• WHAT TO PRODUCE: No pictures go in the copy. Restate, word for word, each line from the one containing "Living room with" through the last line below.

(Captioned web image data)
________
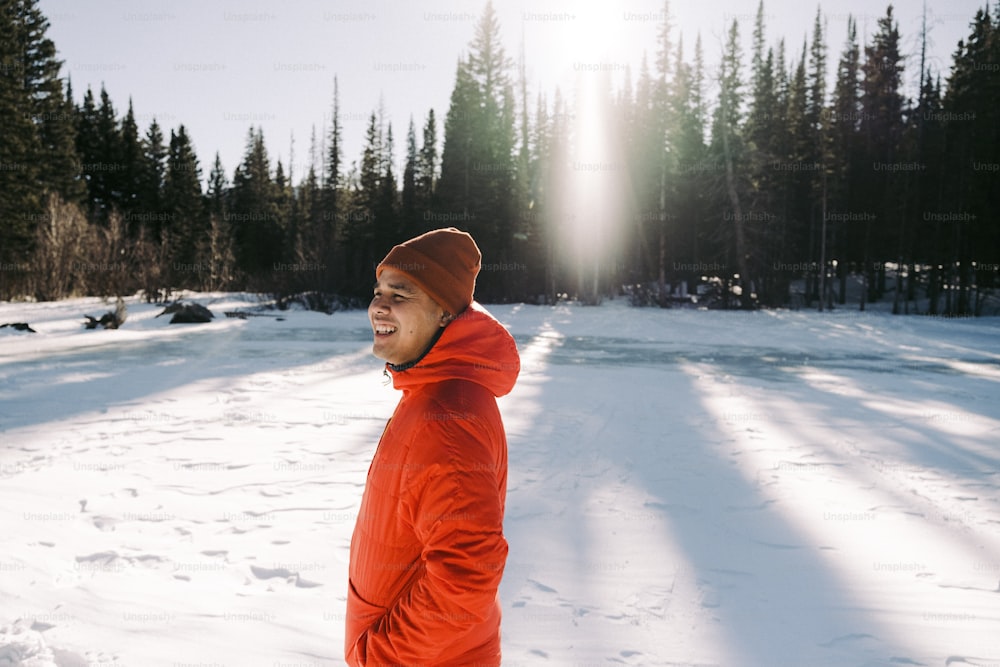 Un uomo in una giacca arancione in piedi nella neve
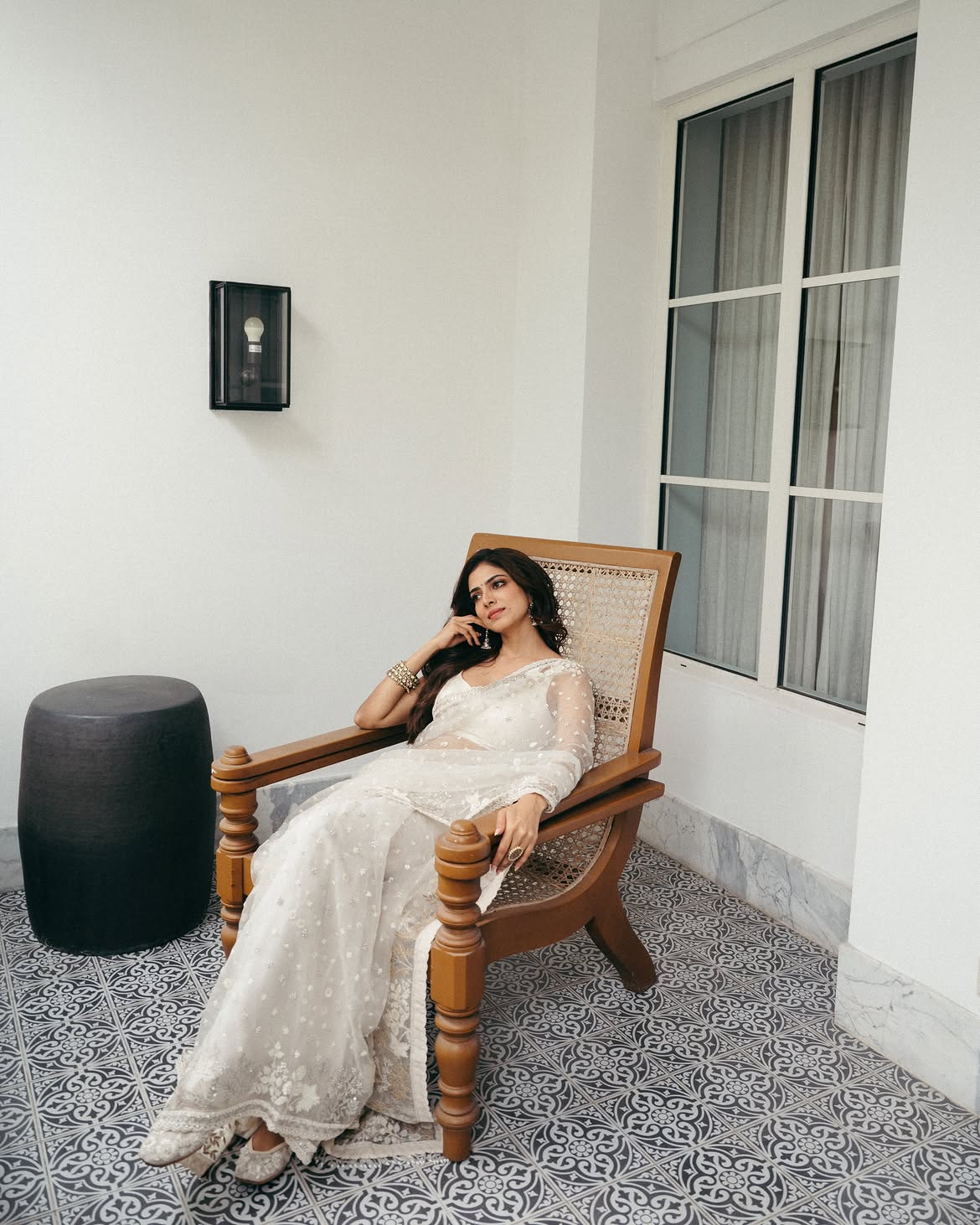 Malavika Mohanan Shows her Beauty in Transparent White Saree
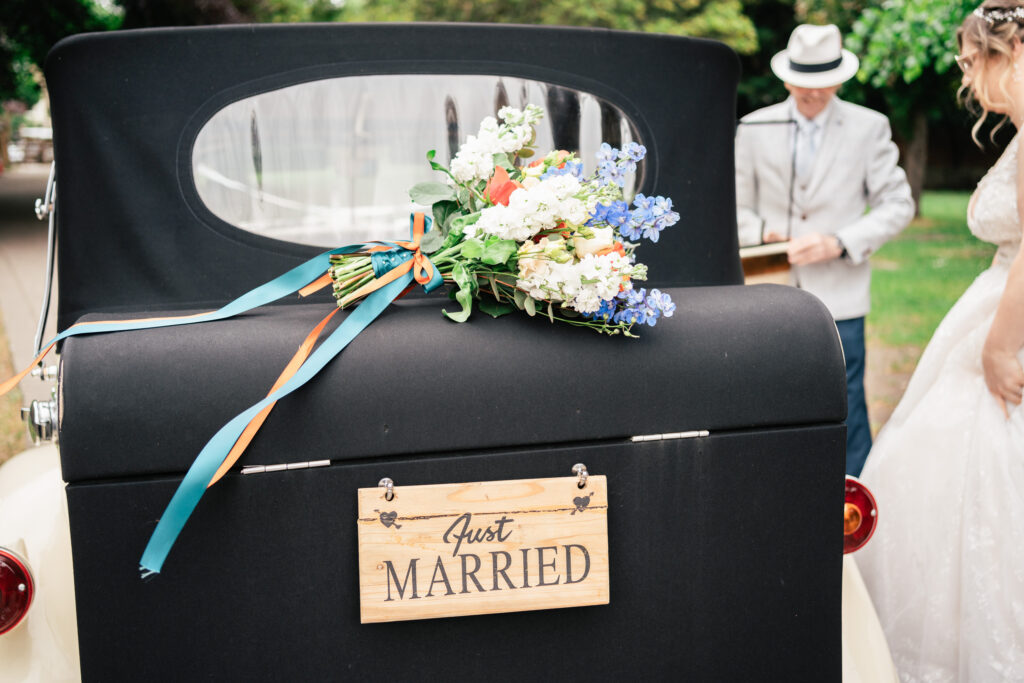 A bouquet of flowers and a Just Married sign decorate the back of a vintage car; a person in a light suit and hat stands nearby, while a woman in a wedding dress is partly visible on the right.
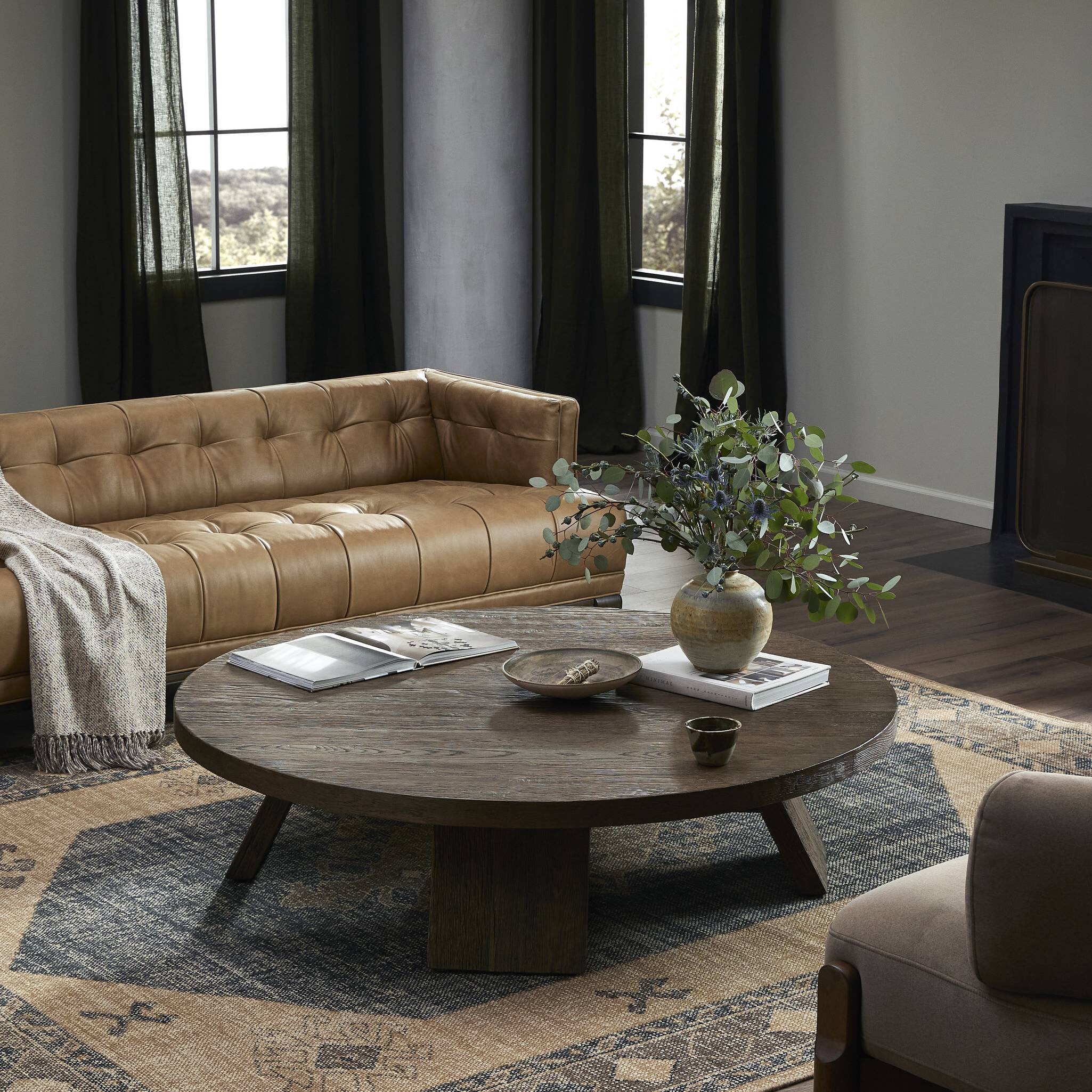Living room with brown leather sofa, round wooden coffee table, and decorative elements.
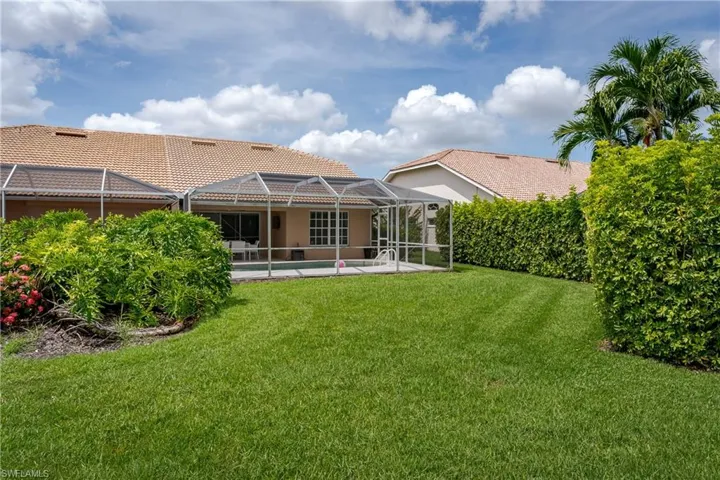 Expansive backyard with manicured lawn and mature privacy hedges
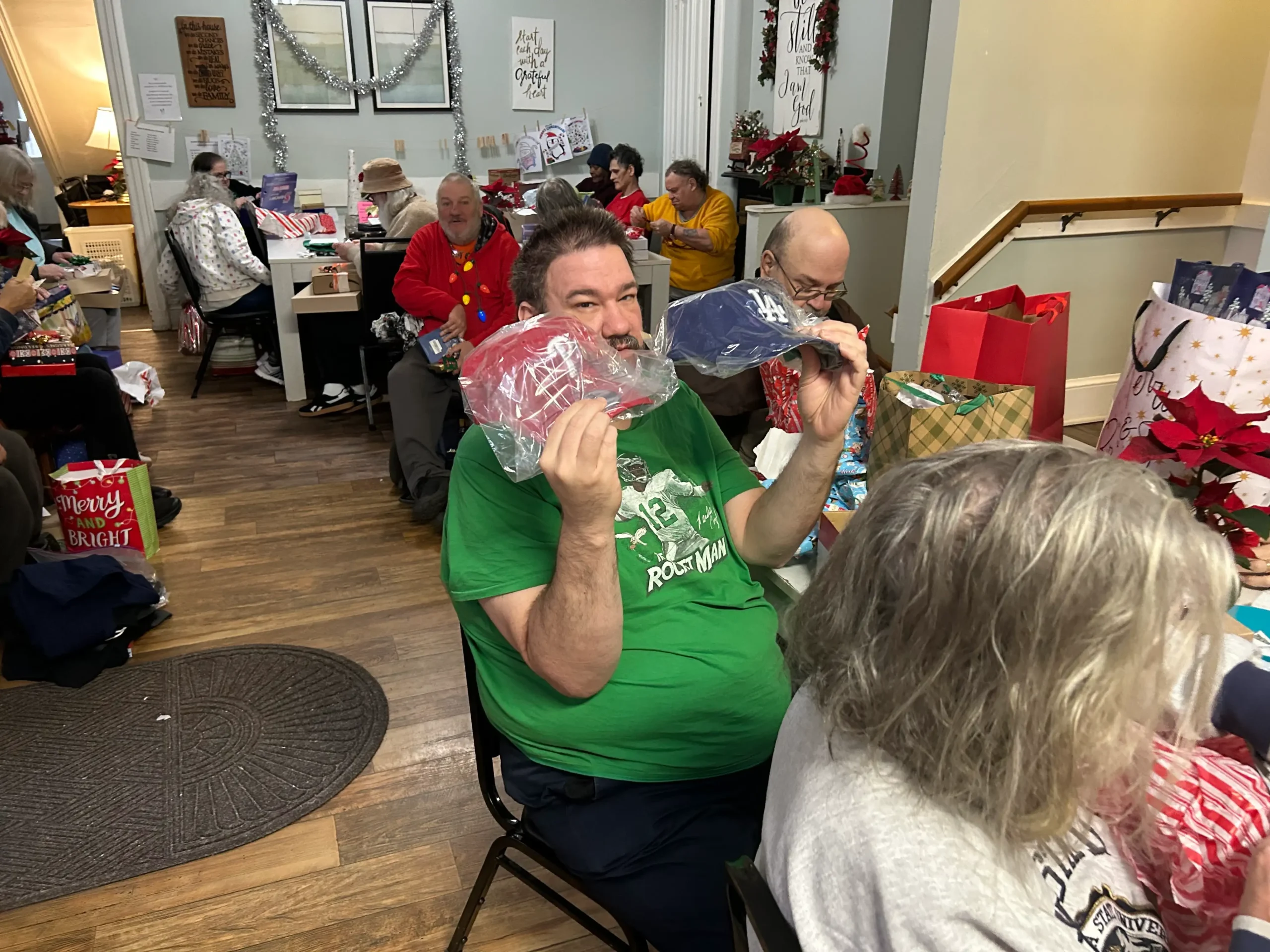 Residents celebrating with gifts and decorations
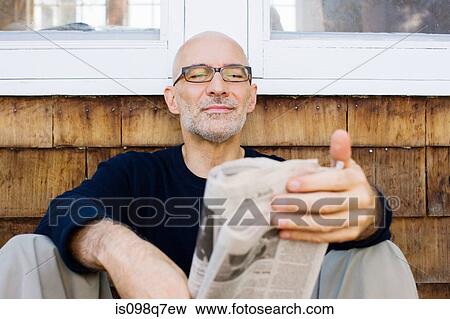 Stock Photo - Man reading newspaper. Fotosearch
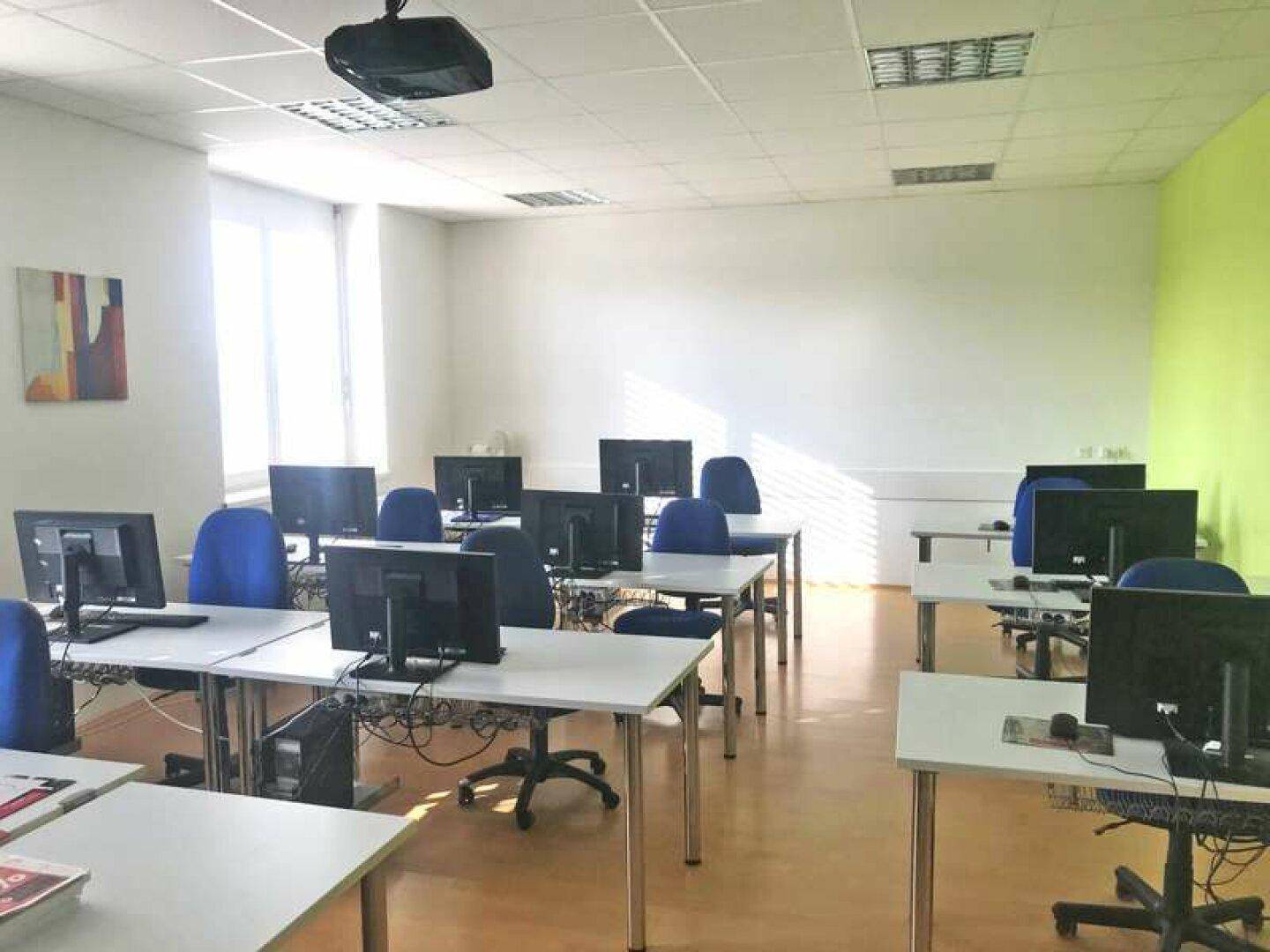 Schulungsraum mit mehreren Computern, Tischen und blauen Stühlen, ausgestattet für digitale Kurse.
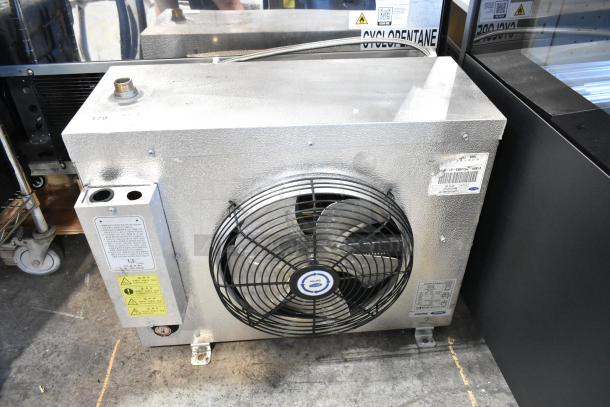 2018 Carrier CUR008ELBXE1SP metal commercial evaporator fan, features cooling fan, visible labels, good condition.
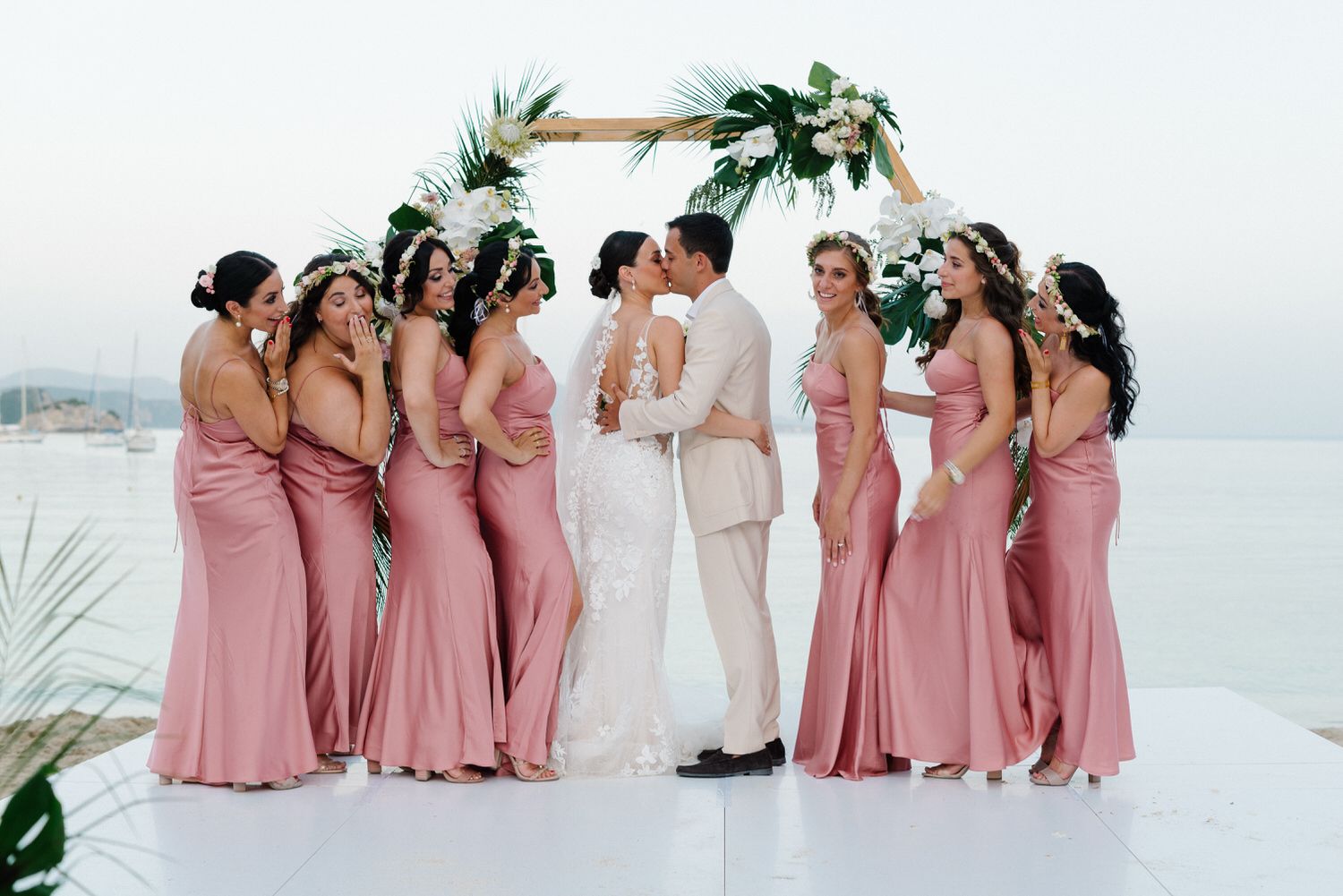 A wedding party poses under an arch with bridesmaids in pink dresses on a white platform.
________
• ANSWER:
Living room with brown leather sofa, round wooden coffee table, and decorative elements.
 Expansive backyard with manicured lawn and mature privacy hedges
 Residents celebrating with gifts and decorations
 Stock Photo - Man reading newspaper. Fotosearch
 Schulungsraum mit mehreren Computern, Tischen und blauen Stühlen, ausgestattet für digitale Kurse.
 2018 Carrier CUR008ELBXE1SP metal commercial evaporator fan, features cooling fan, visible labels, good condition.
 A wedding party poses under an arch with bridesmaids in pink dresses on a white platform.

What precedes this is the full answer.